● **AIM OF THE EXERCISE**
Retype the listing below line for line, but only from the line with "Women's Short Wallet" down to the line with "Les occupants du", inclusive. Pictures stay out.

● **RECORDED INFORMATION**

....................

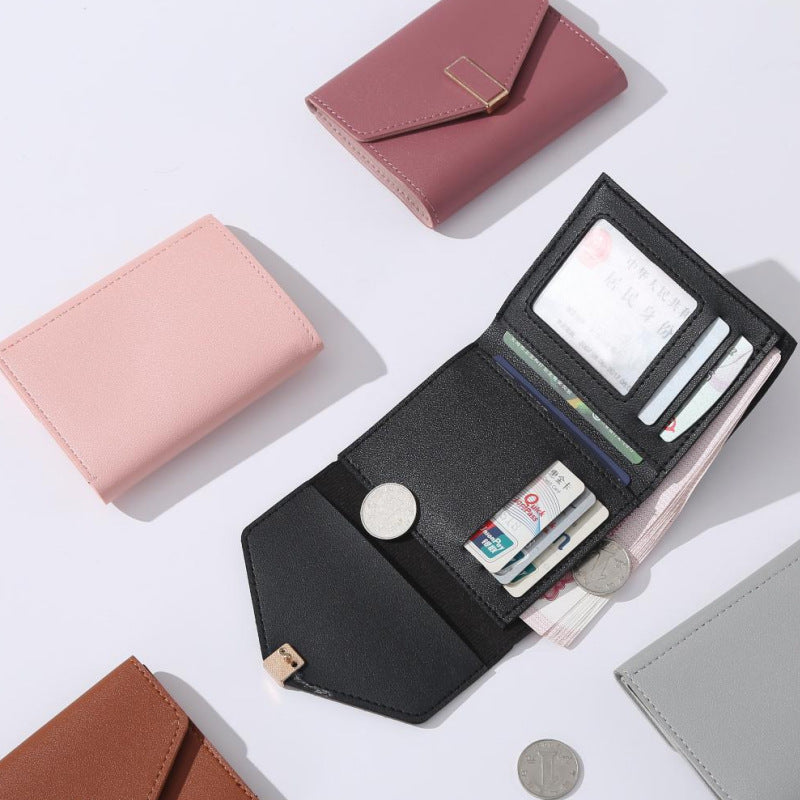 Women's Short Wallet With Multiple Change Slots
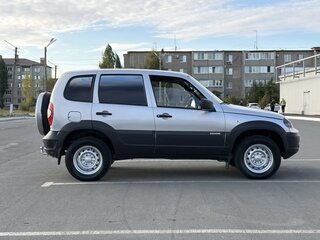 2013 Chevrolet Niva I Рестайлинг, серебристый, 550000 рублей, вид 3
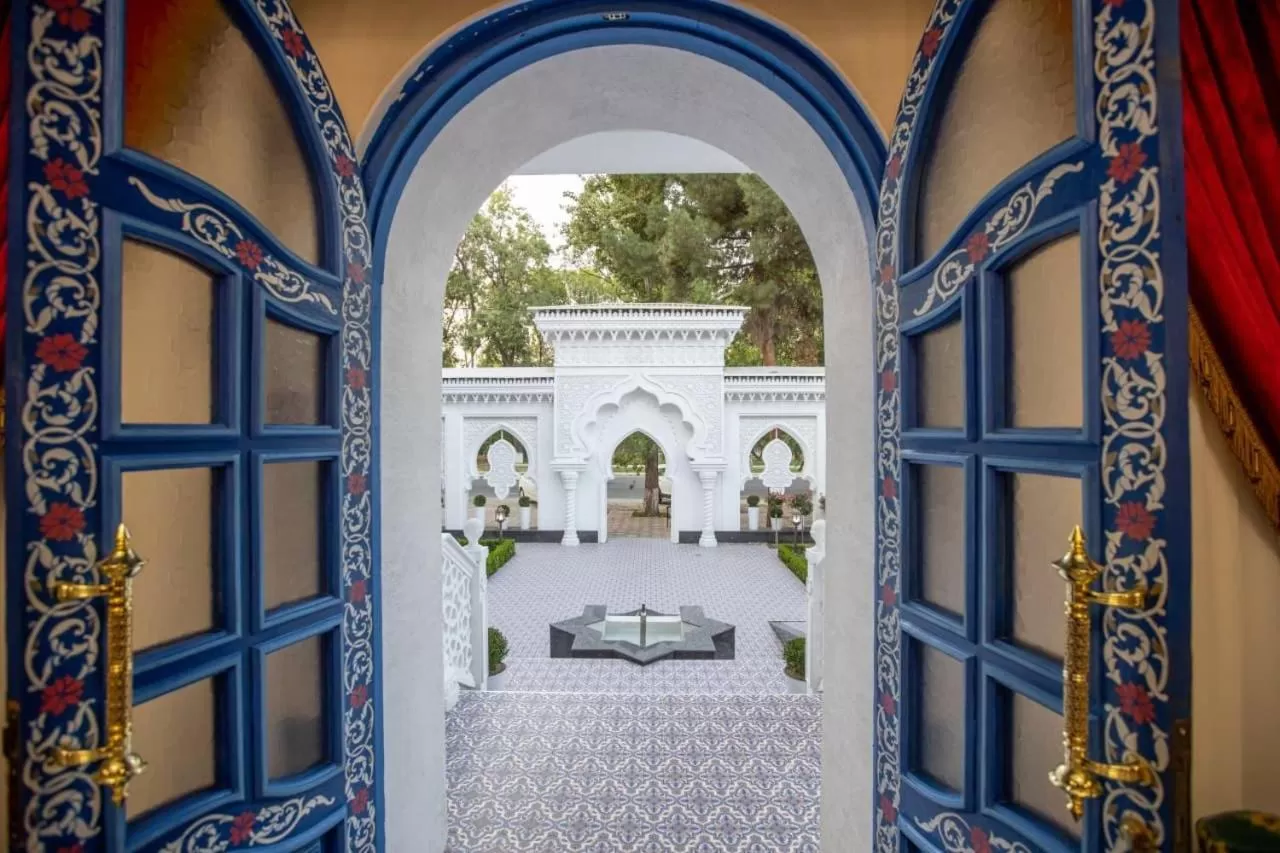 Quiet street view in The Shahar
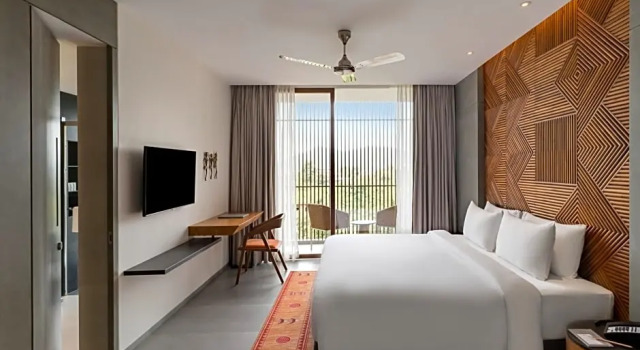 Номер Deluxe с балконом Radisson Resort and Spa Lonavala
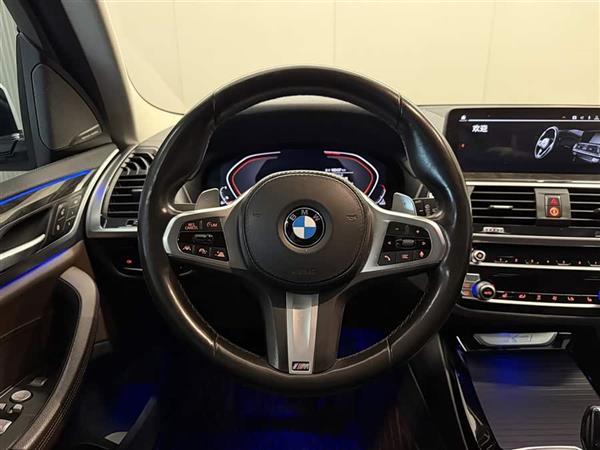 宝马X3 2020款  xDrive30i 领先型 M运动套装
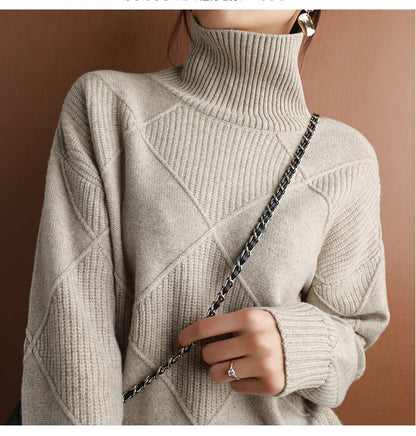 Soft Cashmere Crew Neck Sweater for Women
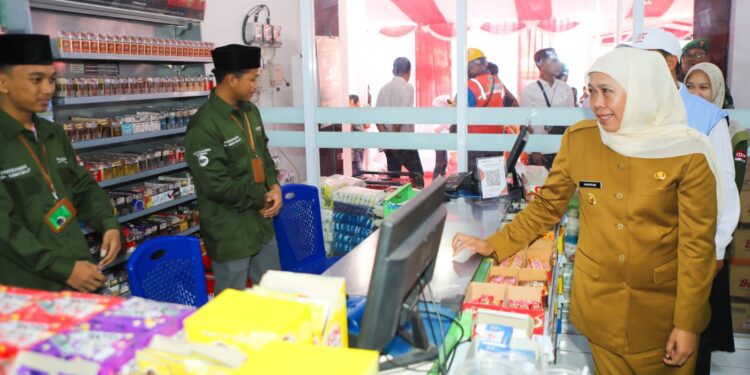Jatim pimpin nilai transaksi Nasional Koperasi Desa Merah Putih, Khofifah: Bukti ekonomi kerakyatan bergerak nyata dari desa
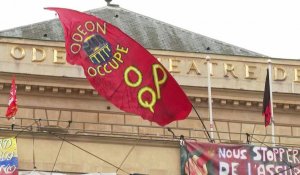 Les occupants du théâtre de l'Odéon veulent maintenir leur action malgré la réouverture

....................

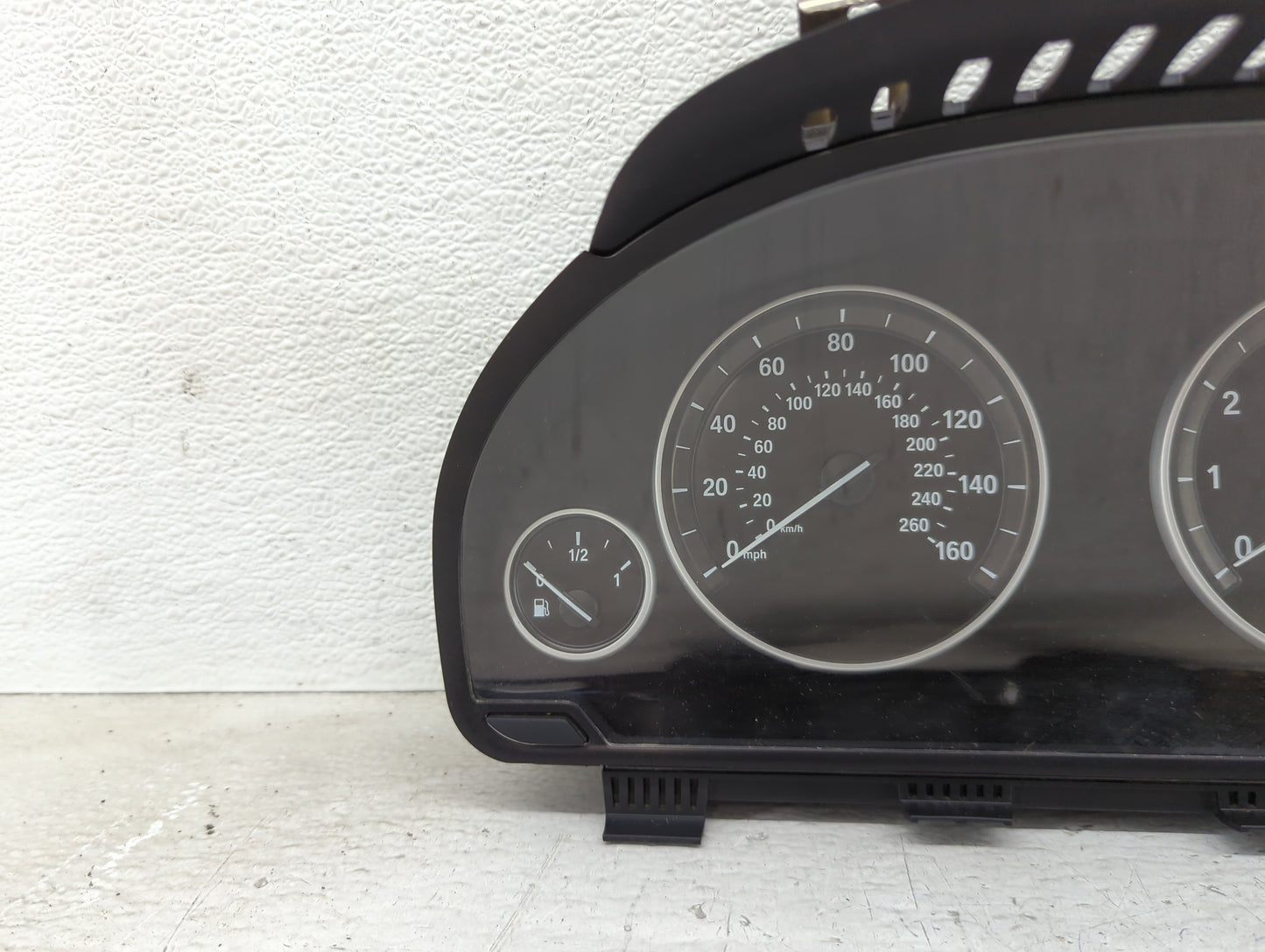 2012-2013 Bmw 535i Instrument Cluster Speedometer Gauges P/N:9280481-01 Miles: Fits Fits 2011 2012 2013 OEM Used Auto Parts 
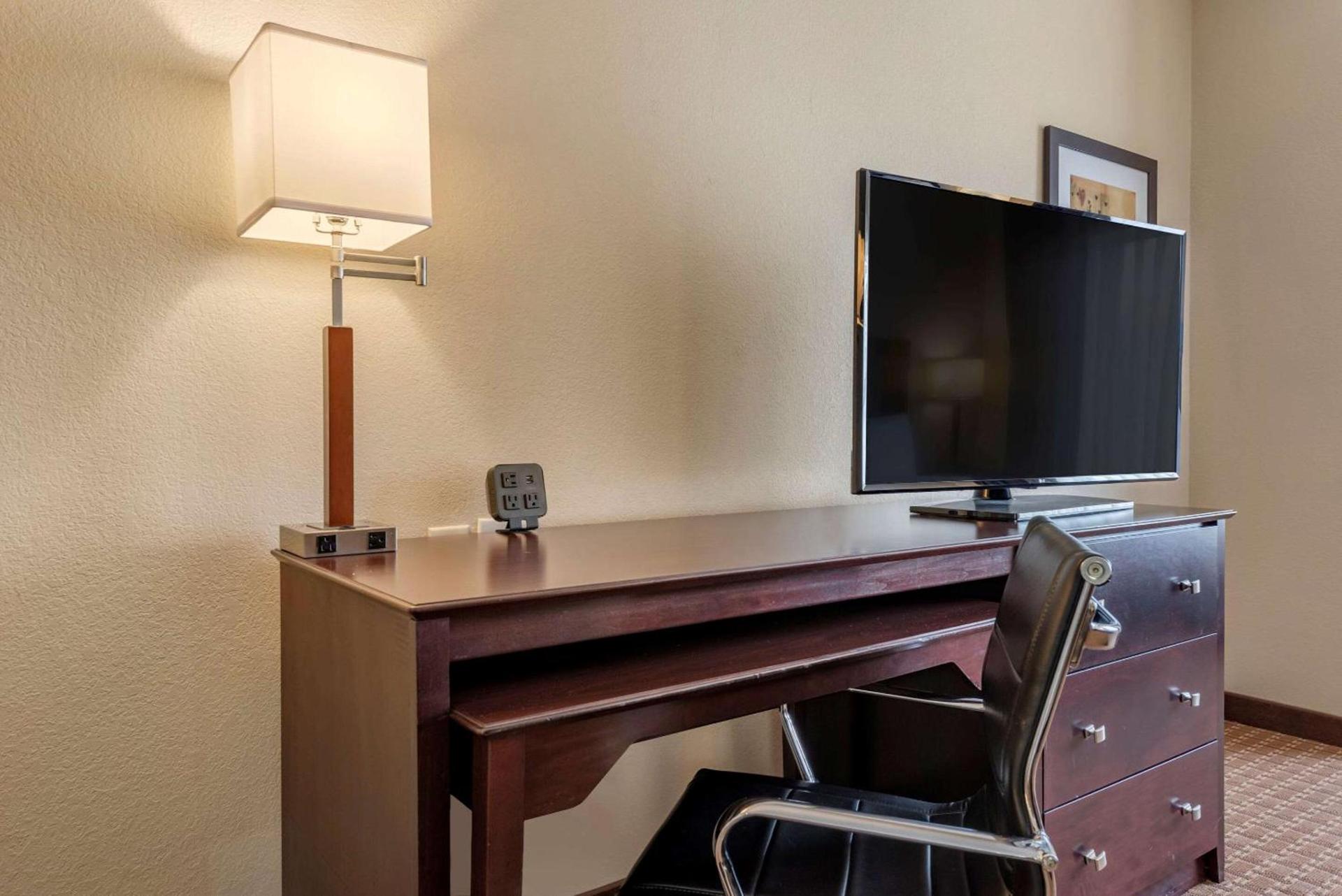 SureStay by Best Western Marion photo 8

....................

● **ANSWER SPACE**
 Women's Short Wallet With Multiple Change Slots
 2013 Chevrolet Niva I Рестайлинг, серебристый, 550000 рублей, вид 3
 Quiet street view in The Shahar
 Номер Deluxe с балконом Radisson Resort and Spa Lonavala
 宝马X3 2020款  xDrive30i 领先型 M运动套装
 Soft Cashmere Crew Neck Sweater for Women
Jatim pimpin nilai transaksi Nasional Koperasi Desa Merah Putih, Khofifah: Bukti ekonomi kerakyatan bergerak nyata dari desa
 Les occupants du théâtre de l'Odéon veulent maintenir leur action malgré la réouverture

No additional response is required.